[Opening Information shown section]

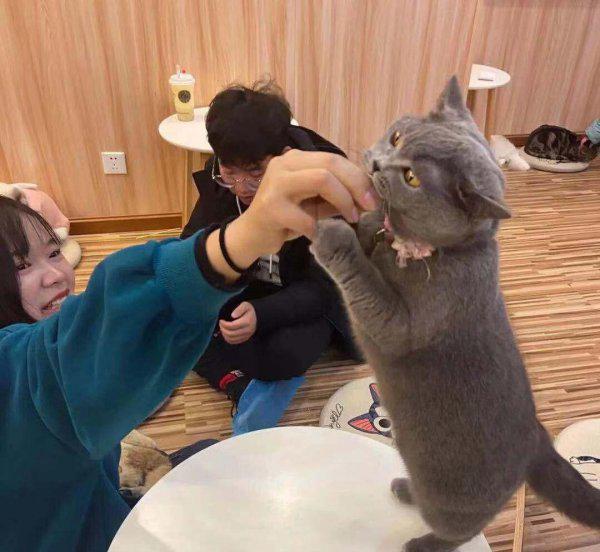 猫咖是什么意思
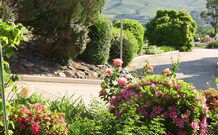 Garden Motor Inn (Golden Chain) - Gundagai - Tourism TAS 5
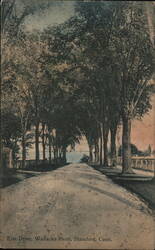 Elm Drive Wallacks Point Postcard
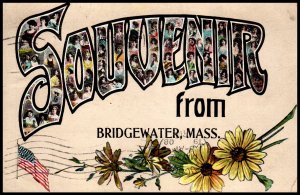 Souvenir From Bridgewater,MA Flowers BIN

[Closing Information shown section]

Work instruction :: Copy the data above word for word. Pictures stay out.

Response to this task ::
 猫咖是什么意思
 Garden Motor Inn (Golden Chain) - Gundagai - Tourism TAS 5
 Elm Drive Wallacks Point Postcard
 Souvenir From Bridgewater,MA Flowers BIN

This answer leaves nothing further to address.